» Problem details
Copy nothing past the line containing "Cute Walk by". Transcribe every line of the listing below up to and including it, from the first, except pictures.

» Dataset extract
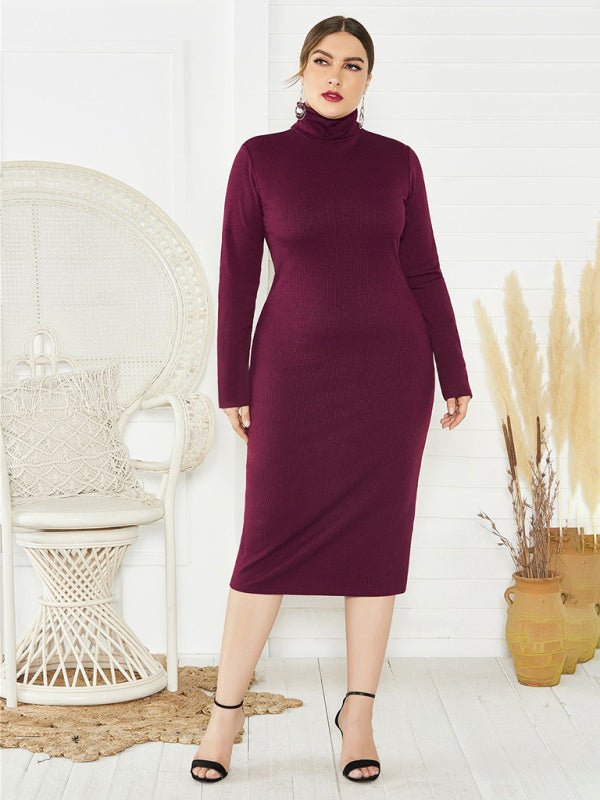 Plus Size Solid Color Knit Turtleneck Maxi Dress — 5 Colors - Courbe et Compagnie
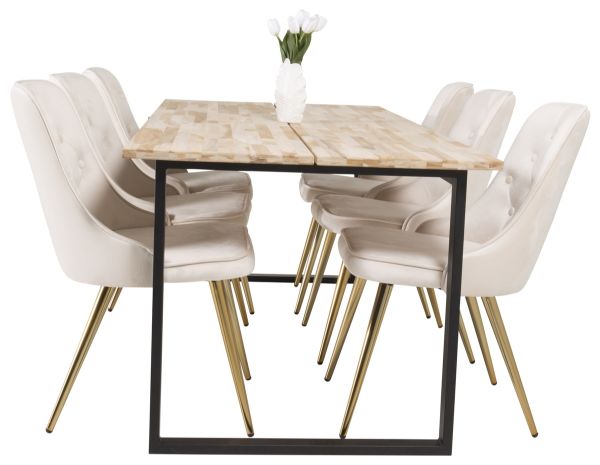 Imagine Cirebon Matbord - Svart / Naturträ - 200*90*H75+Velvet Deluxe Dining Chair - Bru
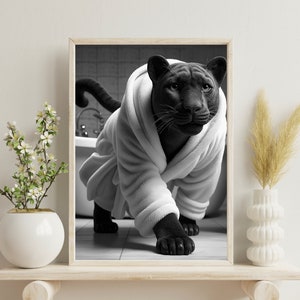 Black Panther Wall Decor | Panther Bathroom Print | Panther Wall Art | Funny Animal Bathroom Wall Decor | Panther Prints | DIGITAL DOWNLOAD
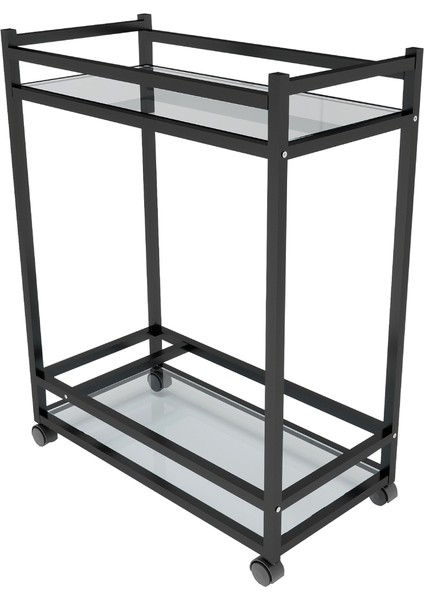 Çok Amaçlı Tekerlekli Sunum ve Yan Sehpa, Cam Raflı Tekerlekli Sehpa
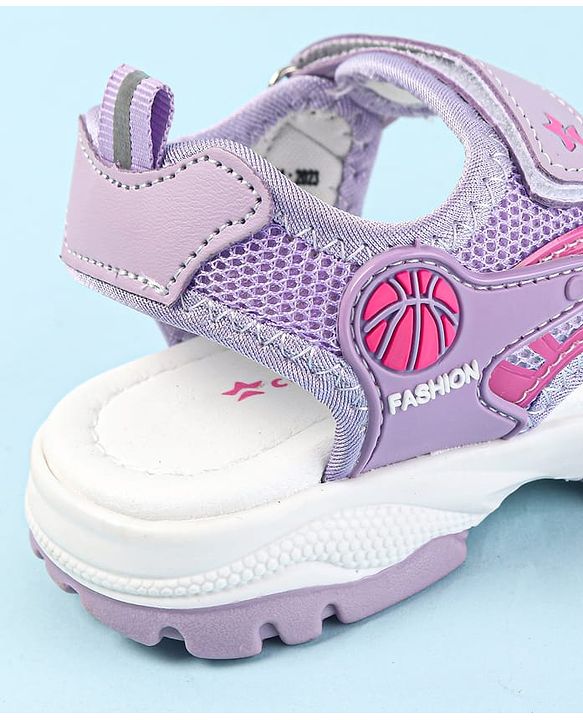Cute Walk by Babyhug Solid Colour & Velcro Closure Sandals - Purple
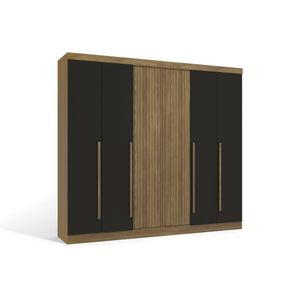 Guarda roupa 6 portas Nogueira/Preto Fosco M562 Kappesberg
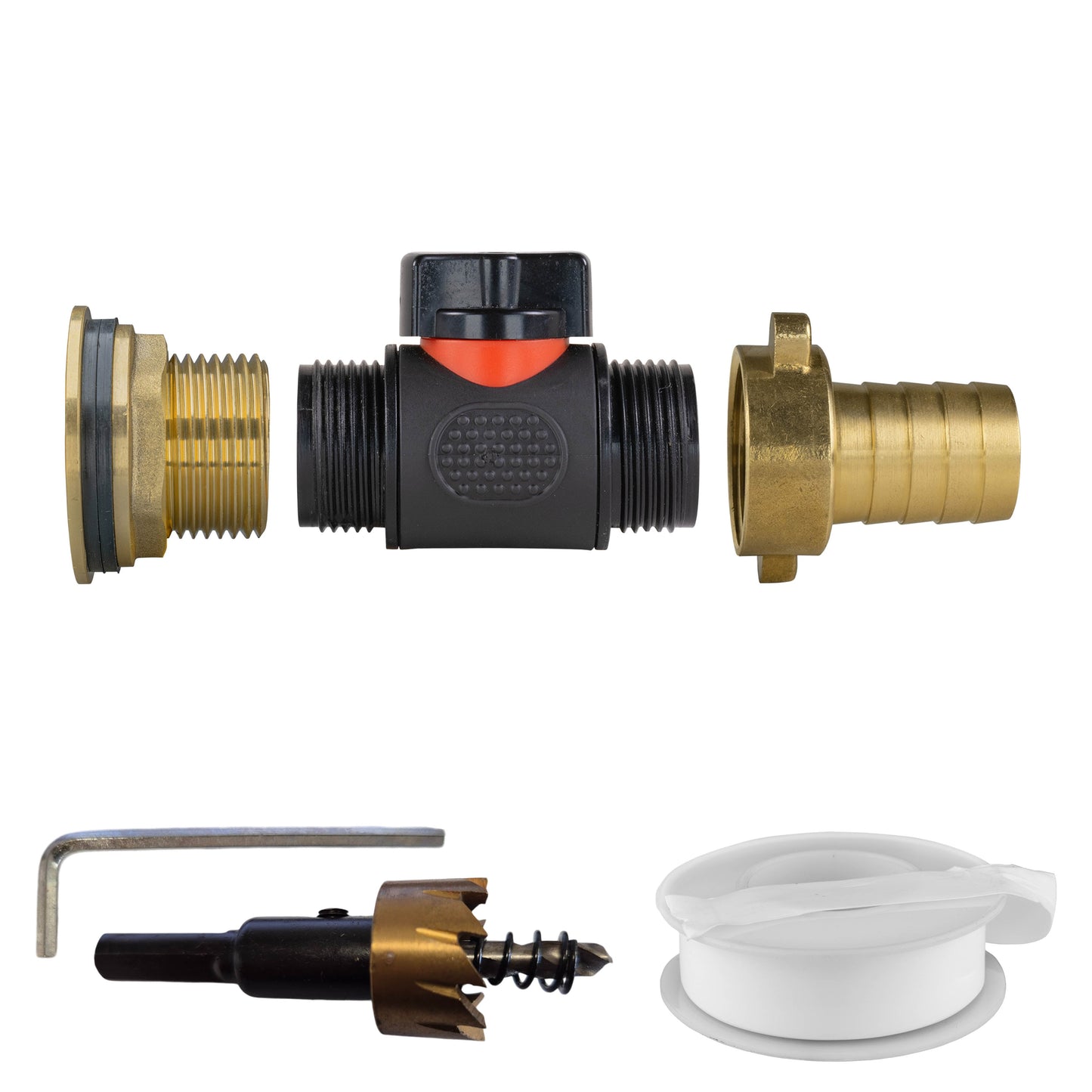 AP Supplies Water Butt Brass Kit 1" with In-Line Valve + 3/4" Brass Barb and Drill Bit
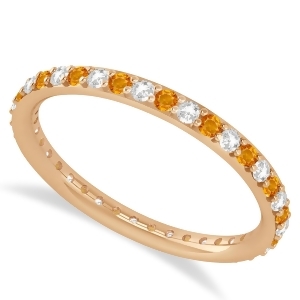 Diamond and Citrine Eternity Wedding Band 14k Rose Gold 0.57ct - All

» Solution to this task
 Plus Size Solid Color Knit Turtleneck Maxi Dress — 5 Colors - Courbe et Compagnie
 Imagine Cirebon Matbord - Svart / Naturträ - 200*90*H75+Velvet Deluxe Dining Chair - Bru
 Black Panther Wall Decor | Panther Bathroom Print | Panther Wall Art | Funny Animal Bathroom Wall Decor | Panther Prints | DIGITAL DOWNLOAD
 Çok Amaçlı Tekerlekli Sunum ve Yan Sehpa, Cam Raflı Tekerlekli Sehpa
Cute Walk by Babyhug Solid Colour & Velcro Closure Sandals - Purple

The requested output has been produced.